Information supplied: Begin

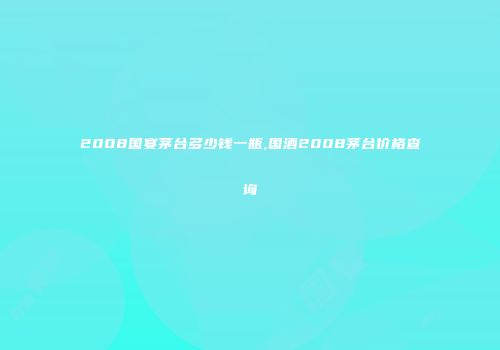 2008国宴茅台多少钱一瓶,国酒2008茅台价格查询
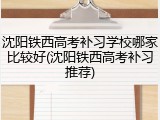沈阳铁西高考补习学校哪家比较好(沈阳铁西高考补习推荐)
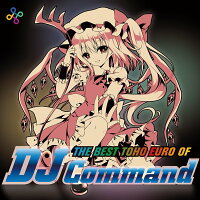 【新品】THEBESTTOHOEUROOFDJCommand/EurobeatUnion入荷予定:2016年08月頃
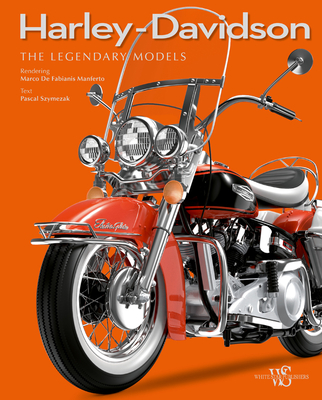 Harley-Davidson: The Legendary Models - Szymezak, Pascal (Text by), and Manferto, Marco De Fabianis (Designer)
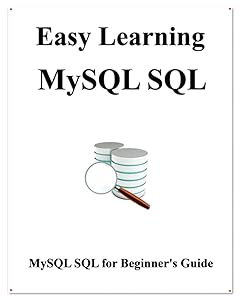 Easy Learning MySQL SQL: SQL for Beginner's Guide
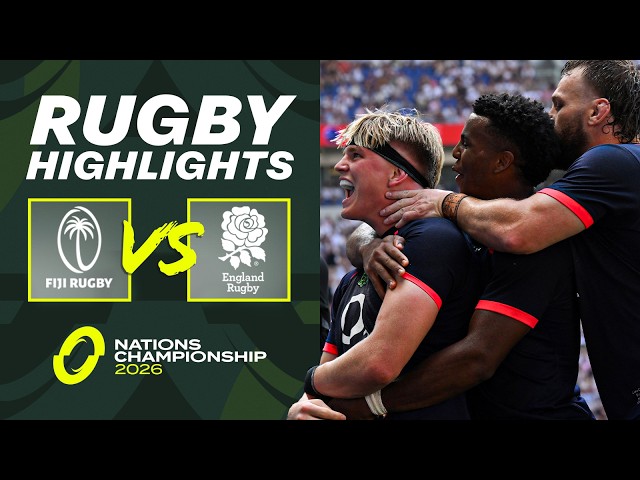 HIGHLIGHTS - Fiji v England | English Demolition | Nations Championship Rugby 2026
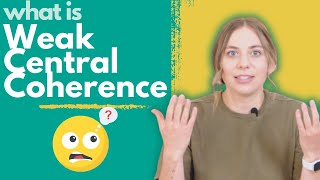 Recognizing Weak Central Coherence  Autism Symptom Explained [upl. by Legin]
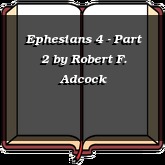 Ephesians 4 - Part 2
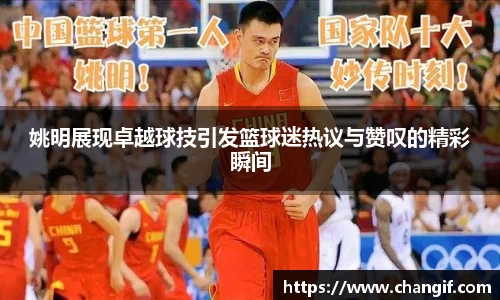 姚明展现卓越球技引发篮球迷热议与赞叹的精彩瞬间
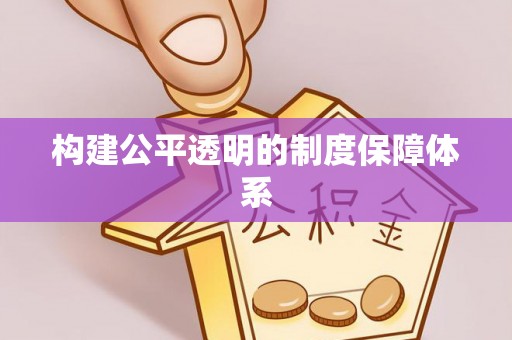 从化构建公平透明的制度保障体系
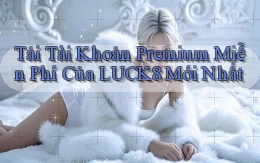 tải tài khoản premium miễn phí của luck8 mới nhất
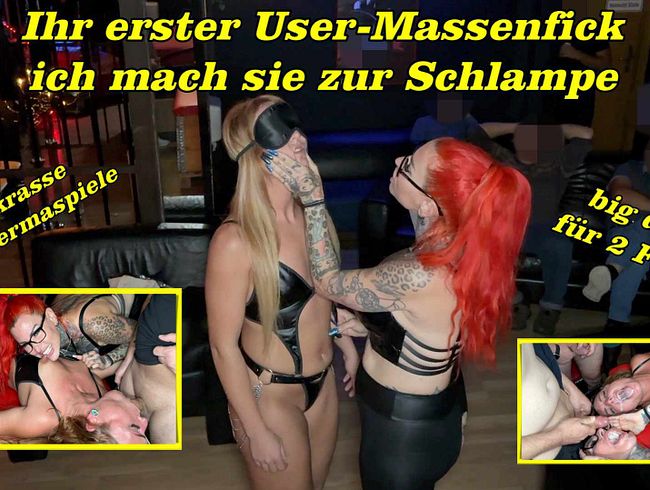Ihr erster User Massenfick ...ich mache sie zur schlampe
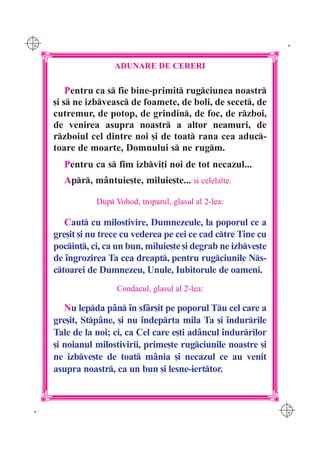 C M
Y K                                                                K




                      ADUNARE DE CERERI

          Pentru ca s fie bine-primit rugciunea noastr
      [i s ne izbveasc de foamete, de boli, de secet, de
      cutremur, de potop, de grindin, de foc, de rzboi,
      de venirea asupra noastr a altor neamuri, de
      rzboiul cel dintre noi [i de toat rana cea aduc-
      toare de moarte, Domnului s ne rugm.
        Pentru ca s fim izbvi]i noi de tot necazul...
        Apr, m=ntuie[te, miluie[te... [i celelalte.

                 Dup Vohod, troparul, glasul al 2-lea:

         Caut cu milostivire, Dumnezeule, la poporul ce a
      gre[it [i nu trece cu vederea pe cei ce cad ctre Tine cu
      pocin], ci, ca un bun, miluie[te [i degrab ne izbve[te
      de `ngrozirea Ta cea dreapt, pentru rugciunile Ns-
      ctoarei de Dumnezeu, Unule, Iubitorule de oameni.
                       Condacul, glasul al 2-lea:

         Nu lepda p=n `n sf=r[it pe poporul Tu cel care a
      gre[it, Stp=ne, [i nu `ndeprta mila Ta [i `ndurrile
      Tale de la noi; ci, ca Cel care e[ti ad=ncul `ndurrilor
      [i noianul milostivirii, prime[te rugciunile noastre [i
      ne izbve[te de toat m=nia [i necazul ce au venit
      asupra noastr, ca un bun [i lesne-ierttor.


                                                                  C M
 K                                                                Y K
 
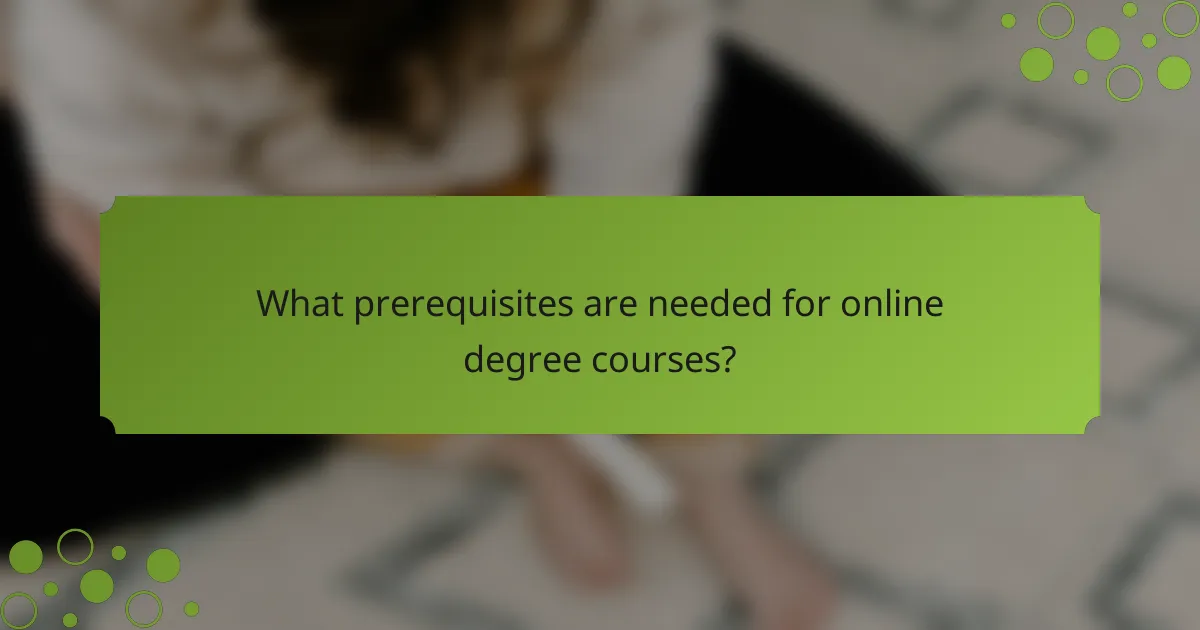 What prerequisites are needed for online degree courses?
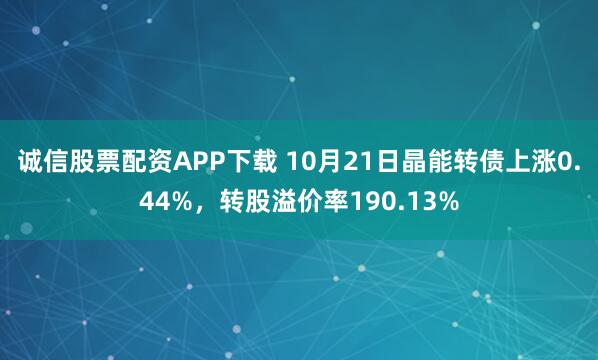 诚信股票配资APP下载 10月21日晶能转债上涨0.44%，转股溢价率190.13%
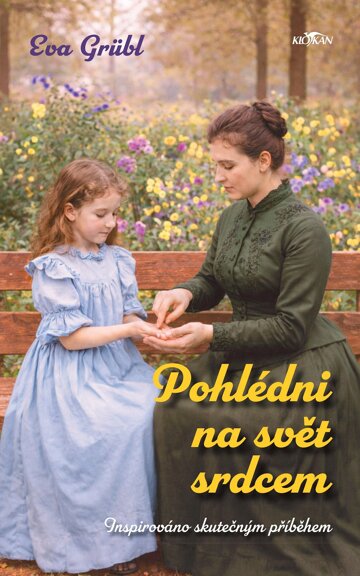 Obálka knihy Pohlédni na svět srdcem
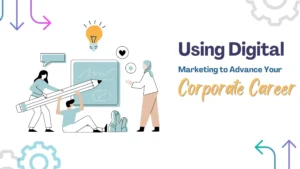 Read more about the article Using Digital Marketing to Advance Your Corporate Career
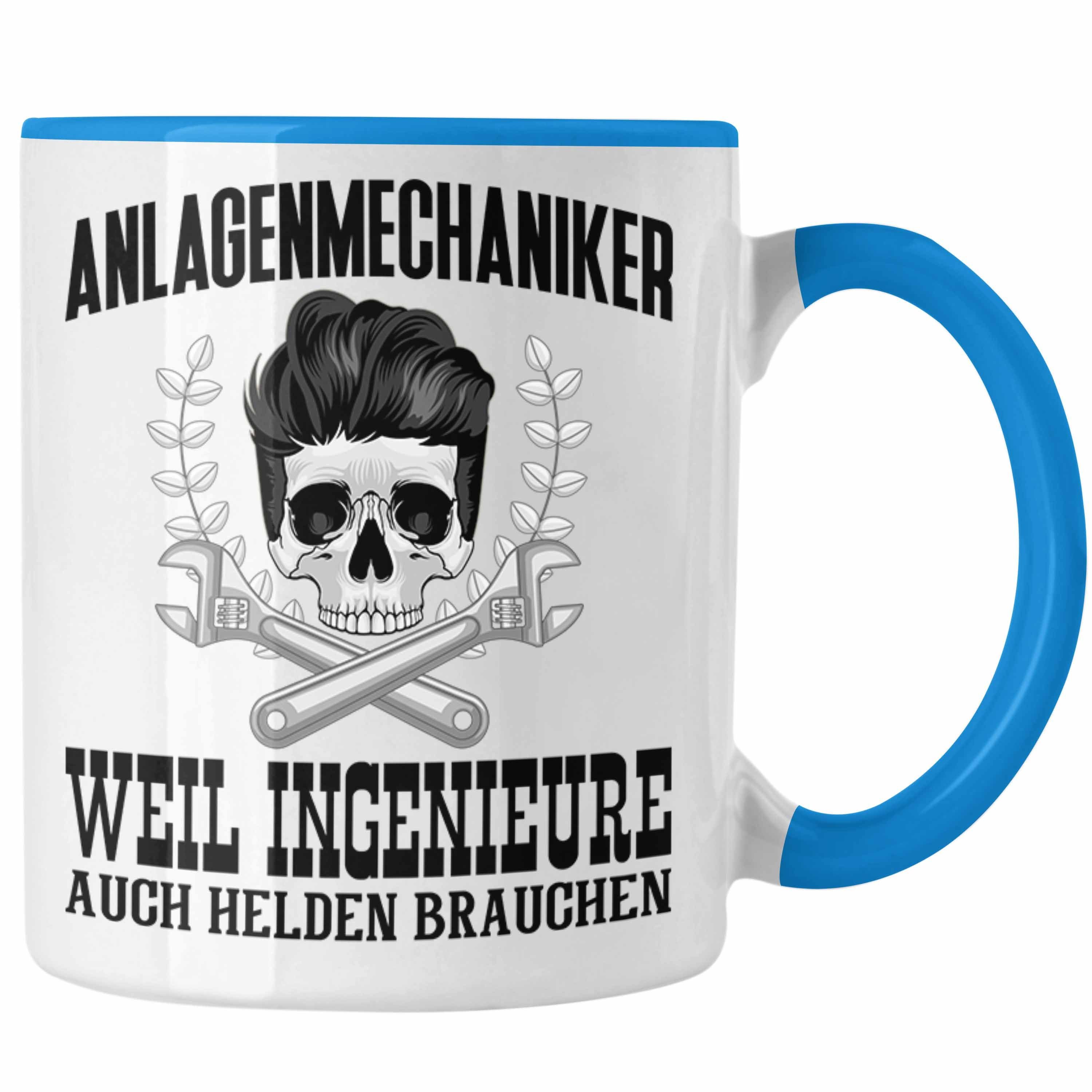 Anlagenmechaniker He Spruch Auch Tasse Männer Geschenk Ingenieure Tasse Trendation Weil Blau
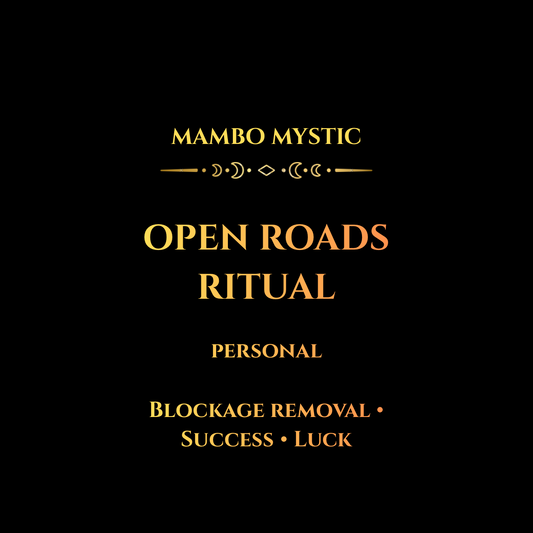 OPEN ROADS RITUAL (SUCCESS, BLOCKAGE REMOVAL, OPPORTUNITY, LUCK )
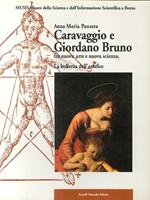 Caravaggio e Giordano Bruno fra nuova arte e nuova scienza. La bellezza dell'artefice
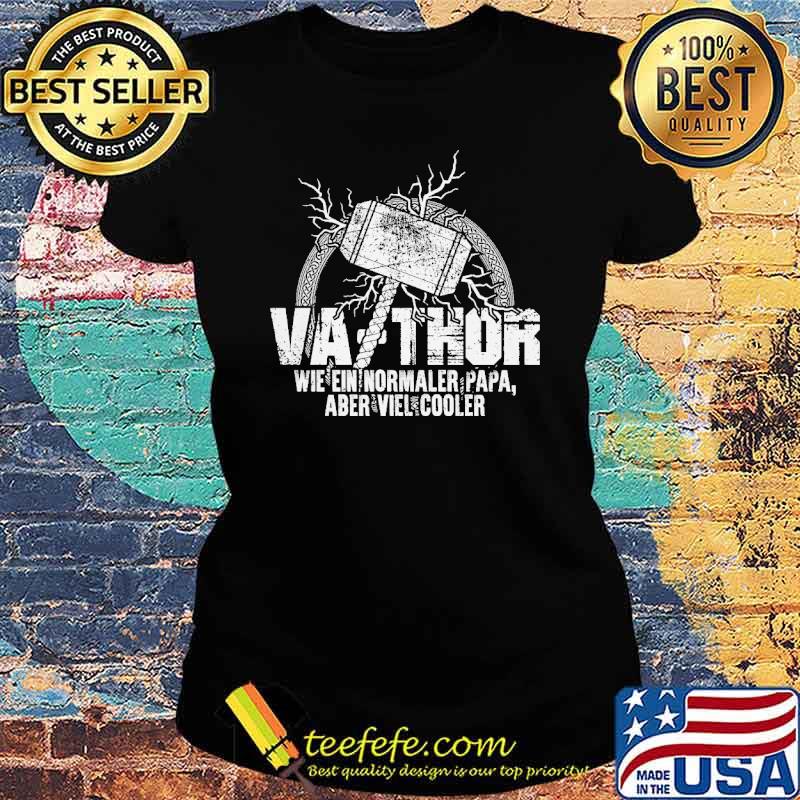 VA-THOR - WIE EIN NORMALER VATER NUR VIEL COOLER SHIRT Ladies tee VA-THOR - WIE EIN NORMALER VATER NUR VIEL COOLER SHIRT Ladies tee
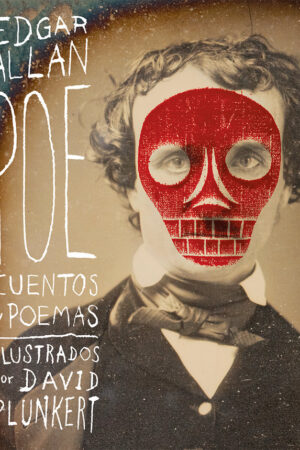 EDGAR ALLAN POE CUENTOS Y POEMAS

Information supplied: End

◆ How to complete this task: Every line above from the line with "Dup Vohod, troparul, glasul" to the line with "Tale de la noi;" is wanted, ends included; write them out exactly and add no other line.

◆ Reply:
                 Dup Vohod, troparul, glasul al 2-lea:

         Caut cu milostivire, Dumnezeule, la poporul ce a
      gre[it [i nu trece cu vederea pe cei ce cad ctre Tine cu
      pocin], ci, ca un bun, miluie[te [i degrab ne izbve[te
      de `ngrozirea Ta cea dreapt, pentru rugciunile Ns-
      ctoarei de Dumnezeu, Unule, Iubitorule de oameni.
                       Condacul, glasul al 2-lea:

         Nu lepda p=n `n sf=r[it pe poporul Tu cel care a
      gre[it, Stp=ne, [i nu `ndeprta mila Ta [i `ndurrile
      Tale de la noi; ci, ca Cel care e[ti ad=ncul `ndurrilor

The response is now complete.